------ TASK DATA ------

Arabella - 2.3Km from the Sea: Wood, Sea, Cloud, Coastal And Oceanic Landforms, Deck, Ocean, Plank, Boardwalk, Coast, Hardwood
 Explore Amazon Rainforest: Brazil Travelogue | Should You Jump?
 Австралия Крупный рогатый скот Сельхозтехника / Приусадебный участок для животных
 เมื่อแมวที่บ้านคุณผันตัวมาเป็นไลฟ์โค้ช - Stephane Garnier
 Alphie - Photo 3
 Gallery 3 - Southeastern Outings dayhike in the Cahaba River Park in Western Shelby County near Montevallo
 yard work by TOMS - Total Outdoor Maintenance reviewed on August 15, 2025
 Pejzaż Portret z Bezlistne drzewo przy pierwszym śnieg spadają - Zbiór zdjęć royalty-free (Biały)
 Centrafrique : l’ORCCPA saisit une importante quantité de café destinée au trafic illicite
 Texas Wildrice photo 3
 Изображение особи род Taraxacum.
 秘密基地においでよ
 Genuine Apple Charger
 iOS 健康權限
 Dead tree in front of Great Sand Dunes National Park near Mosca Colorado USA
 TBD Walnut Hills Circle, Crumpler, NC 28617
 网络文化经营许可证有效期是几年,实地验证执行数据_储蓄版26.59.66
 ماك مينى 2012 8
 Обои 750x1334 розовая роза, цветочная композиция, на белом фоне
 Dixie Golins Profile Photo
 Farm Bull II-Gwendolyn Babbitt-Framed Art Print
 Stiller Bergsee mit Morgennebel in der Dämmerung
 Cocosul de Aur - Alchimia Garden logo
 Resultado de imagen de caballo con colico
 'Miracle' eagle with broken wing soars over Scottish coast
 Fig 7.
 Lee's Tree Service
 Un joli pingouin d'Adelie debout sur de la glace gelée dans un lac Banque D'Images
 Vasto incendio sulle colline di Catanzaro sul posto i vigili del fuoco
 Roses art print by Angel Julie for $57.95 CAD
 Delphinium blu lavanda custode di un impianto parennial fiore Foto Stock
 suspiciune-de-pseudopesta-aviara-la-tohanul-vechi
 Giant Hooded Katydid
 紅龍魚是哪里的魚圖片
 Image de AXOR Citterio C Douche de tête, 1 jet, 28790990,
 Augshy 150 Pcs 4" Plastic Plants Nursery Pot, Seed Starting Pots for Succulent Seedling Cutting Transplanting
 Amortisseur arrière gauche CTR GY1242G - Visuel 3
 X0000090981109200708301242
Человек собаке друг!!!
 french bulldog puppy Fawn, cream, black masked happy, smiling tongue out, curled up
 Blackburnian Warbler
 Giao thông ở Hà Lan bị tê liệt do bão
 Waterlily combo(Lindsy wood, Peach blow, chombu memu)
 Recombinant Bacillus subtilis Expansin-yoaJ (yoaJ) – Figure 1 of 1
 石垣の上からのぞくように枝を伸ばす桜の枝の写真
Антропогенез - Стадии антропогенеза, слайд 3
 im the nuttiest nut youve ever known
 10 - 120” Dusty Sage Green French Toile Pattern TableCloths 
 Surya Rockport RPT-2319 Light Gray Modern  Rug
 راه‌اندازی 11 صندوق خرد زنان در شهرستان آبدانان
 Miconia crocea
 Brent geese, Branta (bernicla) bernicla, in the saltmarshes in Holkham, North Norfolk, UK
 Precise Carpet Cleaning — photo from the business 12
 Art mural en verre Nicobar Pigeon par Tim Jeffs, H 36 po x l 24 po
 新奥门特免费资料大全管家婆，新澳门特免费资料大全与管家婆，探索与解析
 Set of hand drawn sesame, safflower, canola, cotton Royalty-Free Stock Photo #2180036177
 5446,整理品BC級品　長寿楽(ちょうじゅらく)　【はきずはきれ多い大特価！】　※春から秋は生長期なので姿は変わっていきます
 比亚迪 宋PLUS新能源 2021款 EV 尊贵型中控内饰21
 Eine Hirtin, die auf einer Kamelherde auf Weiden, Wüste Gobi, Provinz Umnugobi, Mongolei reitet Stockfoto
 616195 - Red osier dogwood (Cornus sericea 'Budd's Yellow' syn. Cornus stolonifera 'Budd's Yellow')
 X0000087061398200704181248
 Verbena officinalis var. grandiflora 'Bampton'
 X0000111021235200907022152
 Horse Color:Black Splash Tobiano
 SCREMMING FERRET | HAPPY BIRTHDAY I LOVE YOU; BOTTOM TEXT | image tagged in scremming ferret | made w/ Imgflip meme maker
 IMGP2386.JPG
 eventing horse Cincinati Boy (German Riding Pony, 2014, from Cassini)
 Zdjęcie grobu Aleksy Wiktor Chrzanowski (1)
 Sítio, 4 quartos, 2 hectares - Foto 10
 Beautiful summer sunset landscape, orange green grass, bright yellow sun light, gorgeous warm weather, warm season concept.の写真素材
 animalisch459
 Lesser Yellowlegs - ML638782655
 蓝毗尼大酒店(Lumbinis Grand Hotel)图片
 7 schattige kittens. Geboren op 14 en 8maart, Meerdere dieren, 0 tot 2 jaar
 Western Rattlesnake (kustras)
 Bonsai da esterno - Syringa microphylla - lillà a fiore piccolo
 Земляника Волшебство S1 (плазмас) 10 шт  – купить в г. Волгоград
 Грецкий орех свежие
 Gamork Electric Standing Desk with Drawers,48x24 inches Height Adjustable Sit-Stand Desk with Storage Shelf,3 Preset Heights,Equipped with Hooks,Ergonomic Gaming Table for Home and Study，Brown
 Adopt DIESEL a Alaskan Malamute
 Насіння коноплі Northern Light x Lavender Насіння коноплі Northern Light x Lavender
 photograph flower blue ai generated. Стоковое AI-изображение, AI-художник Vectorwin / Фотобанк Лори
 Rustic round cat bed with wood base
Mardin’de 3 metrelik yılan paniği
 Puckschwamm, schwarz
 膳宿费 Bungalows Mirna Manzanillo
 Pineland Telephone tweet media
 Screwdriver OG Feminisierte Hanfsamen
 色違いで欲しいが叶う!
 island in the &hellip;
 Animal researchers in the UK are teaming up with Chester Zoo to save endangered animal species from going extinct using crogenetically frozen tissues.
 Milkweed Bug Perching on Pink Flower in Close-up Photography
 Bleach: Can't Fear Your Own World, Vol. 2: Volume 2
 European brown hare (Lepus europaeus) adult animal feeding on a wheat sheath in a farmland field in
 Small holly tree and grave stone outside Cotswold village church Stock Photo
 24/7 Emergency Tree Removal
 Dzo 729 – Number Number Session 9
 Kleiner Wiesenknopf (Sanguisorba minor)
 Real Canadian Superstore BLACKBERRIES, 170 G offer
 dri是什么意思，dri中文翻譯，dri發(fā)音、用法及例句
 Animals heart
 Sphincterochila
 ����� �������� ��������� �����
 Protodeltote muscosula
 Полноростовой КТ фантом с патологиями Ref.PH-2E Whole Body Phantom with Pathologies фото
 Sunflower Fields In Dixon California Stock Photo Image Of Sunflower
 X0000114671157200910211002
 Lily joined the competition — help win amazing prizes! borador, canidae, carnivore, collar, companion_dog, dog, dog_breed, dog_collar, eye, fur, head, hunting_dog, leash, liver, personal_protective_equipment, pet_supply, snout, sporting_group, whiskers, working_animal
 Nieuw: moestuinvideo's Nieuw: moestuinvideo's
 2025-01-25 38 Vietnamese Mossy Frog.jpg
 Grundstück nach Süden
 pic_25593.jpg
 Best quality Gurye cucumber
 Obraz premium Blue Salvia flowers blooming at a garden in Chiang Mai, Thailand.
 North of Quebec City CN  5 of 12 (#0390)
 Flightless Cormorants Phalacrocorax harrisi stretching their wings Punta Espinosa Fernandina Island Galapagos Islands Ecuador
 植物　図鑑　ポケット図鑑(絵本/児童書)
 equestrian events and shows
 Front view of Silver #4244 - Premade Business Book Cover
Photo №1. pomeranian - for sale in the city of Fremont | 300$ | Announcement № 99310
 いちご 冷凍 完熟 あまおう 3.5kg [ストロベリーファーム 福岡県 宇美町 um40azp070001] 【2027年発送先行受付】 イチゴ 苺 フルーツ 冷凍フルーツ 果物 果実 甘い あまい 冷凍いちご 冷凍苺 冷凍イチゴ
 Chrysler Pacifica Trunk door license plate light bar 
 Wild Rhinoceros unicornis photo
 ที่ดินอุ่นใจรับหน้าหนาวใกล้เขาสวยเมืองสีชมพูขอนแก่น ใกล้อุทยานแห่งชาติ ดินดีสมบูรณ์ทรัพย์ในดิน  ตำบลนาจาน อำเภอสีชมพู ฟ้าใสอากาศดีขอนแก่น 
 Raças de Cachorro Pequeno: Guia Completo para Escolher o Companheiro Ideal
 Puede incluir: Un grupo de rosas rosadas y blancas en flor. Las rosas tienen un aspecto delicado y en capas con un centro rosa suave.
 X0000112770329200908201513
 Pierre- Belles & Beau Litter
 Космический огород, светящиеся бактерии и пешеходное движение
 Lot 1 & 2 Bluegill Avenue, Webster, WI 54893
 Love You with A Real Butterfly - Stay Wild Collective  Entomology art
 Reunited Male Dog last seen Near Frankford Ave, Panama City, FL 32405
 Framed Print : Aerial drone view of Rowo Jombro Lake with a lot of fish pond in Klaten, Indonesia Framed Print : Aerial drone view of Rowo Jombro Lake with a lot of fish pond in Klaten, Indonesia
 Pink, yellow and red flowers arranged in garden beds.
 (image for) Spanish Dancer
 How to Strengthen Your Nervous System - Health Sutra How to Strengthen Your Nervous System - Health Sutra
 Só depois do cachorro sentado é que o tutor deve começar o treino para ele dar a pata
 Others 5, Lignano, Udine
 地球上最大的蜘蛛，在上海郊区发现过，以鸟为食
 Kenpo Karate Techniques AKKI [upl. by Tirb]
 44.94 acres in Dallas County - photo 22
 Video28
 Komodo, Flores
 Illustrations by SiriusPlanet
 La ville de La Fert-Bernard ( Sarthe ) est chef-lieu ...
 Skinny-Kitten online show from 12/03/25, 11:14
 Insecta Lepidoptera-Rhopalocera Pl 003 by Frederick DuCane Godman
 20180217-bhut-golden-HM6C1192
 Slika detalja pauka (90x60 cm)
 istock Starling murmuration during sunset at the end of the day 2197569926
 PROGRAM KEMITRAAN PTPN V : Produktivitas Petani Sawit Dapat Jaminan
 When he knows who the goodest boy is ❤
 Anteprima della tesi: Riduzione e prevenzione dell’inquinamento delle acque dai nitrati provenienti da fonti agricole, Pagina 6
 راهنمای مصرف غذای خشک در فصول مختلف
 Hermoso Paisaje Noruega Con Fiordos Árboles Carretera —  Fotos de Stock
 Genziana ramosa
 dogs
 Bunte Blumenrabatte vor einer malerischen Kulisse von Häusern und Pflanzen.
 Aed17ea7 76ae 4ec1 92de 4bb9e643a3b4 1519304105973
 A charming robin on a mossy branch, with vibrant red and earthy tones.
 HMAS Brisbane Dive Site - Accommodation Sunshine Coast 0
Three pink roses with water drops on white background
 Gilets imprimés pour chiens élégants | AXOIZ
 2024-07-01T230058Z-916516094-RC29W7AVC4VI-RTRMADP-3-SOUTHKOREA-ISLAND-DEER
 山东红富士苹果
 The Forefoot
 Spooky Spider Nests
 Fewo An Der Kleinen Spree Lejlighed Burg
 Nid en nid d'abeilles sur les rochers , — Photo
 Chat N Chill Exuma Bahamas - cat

------

Please write out, exactly as they appear, the lines from the one containing "Bunte Blumenrabatte vor" through the last line of the records above, and nothing more.

 Bunte Blumenrabatte vor einer malerischen Kulisse von Häusern und Pflanzen.
 Aed17ea7 76ae 4ec1 92de 4bb9e643a3b4 1519304105973
 A charming robin on a mossy branch, with vibrant red and earthy tones.
 HMAS Brisbane Dive Site - Accommodation Sunshine Coast 0
Three pink roses with water drops on white background
 Gilets imprimés pour chiens élégants | AXOIZ
 2024-07-01T230058Z-916516094-RC29W7AVC4VI-RTRMADP-3-SOUTHKOREA-ISLAND-DEER
 山东红富士苹果
 The Forefoot
 Spooky Spider Nests
 Fewo An Der Kleinen Spree Lejlighed Burg
 Nid en nid d'abeilles sur les rochers , — Photo
 Chat N Chill Exuma Bahamas - cat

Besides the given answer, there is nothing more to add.